Baka was an ancient Egyptian prince. He is known for his destroyed statuette. He is also the subject of a theory that claims he was king of Egypt for a very short time. Thus, he might be identical to a scarcely known king named Bikheris.

== Identity ==
Baka was a prince and son of king Djedefre. He lived and worked during the 4th Dynasty. His family life is unknown, and the names of his wives and children are lost. Since the names of three other sons of Djedefre, namely Setka, Harnit and Nykau-Djedefre, are archaeologically attested, these should be Baka's brothers or half-brothers. The daughters of Djedefre, Hetepheres III and Neferhetepes, would be Baka's sisters or half-sisters. His mother is unknown, too. She could be one of Djedefre's wives, Khentetka or Hetepheres II, but this is highly uncertain.

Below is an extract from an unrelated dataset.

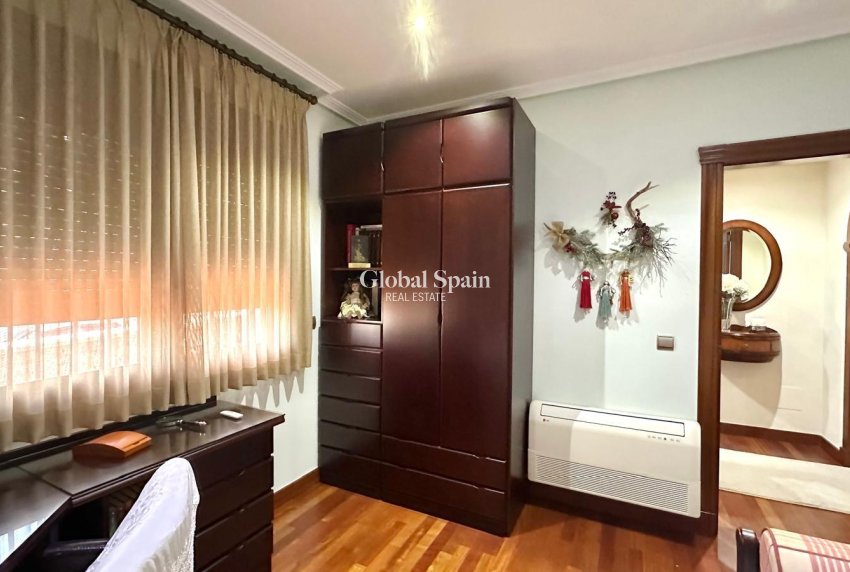 Revente - MAISON -
TORREVIEJA - La Siesta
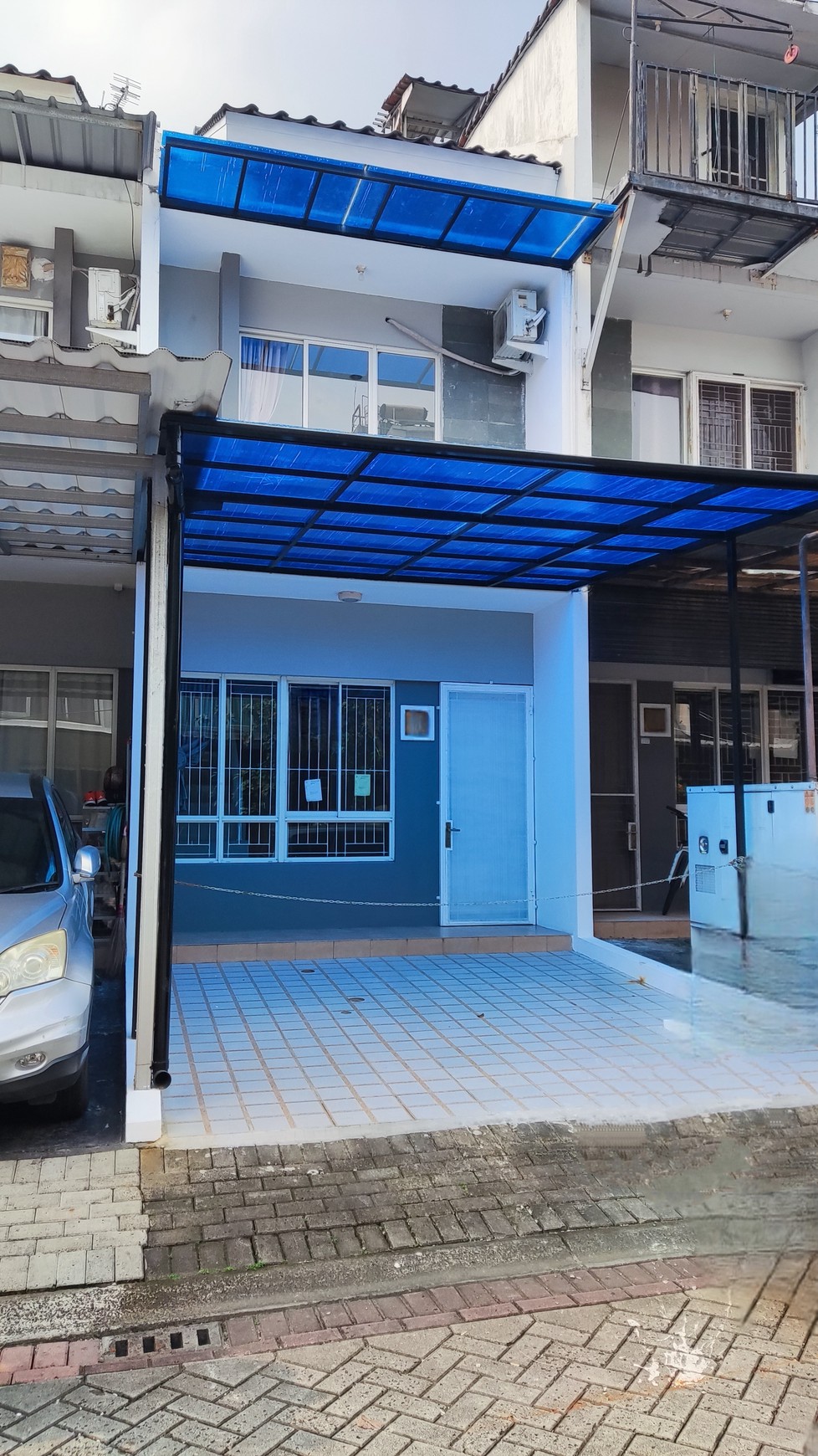 Flash Sale. Rumah bagus Residence One, Serpong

==Possible reign as king==
According to Rainer Stadelmann and George Reisner, it is possible that Baka was a king of Egypt for a very short time (maybe one or two years). Their assumption is based on the so-called Unfinished Northern Pyramid of Zawyet el'Aryan, which is located at Zawyet el'Aryan. This unfinished pyramid shaft was abandoned shortly after being started and only a dozen of workmen's inscriptions in black ink were found. These provide a royal cartouche name, which remains partially illegible. The first sign can be identified as a Ka-sign, but the first (and former) sign was copied by the pyramid excavator so fuzzily that it remains undecipherable. According to Stadelmann and Reisner, the first sign shows a walking ram, as it does in the birth name of the prince.The theory postulates Baka simply put his citizen name into a royal cartouche due to his lifetime, but then the name was changed after his death into Bakarê ("soul and Ka of Râ"). It is theorized that this name of Baka was hellenized into Bikheris in ancient Greek chronics. For this reason, Rainer calls the unfinished tomb shaft at Zawyet el'Aryan the "Pyramid of Bikheris".

This theory is not commonly accepted, though. Aidan Dodson is convinced of the depiction of a sitting Seth-animal, reading the royal name as Seth-Ka ("Seth is mine Ka"). In this case, Setka had actually followed his father onto the throne.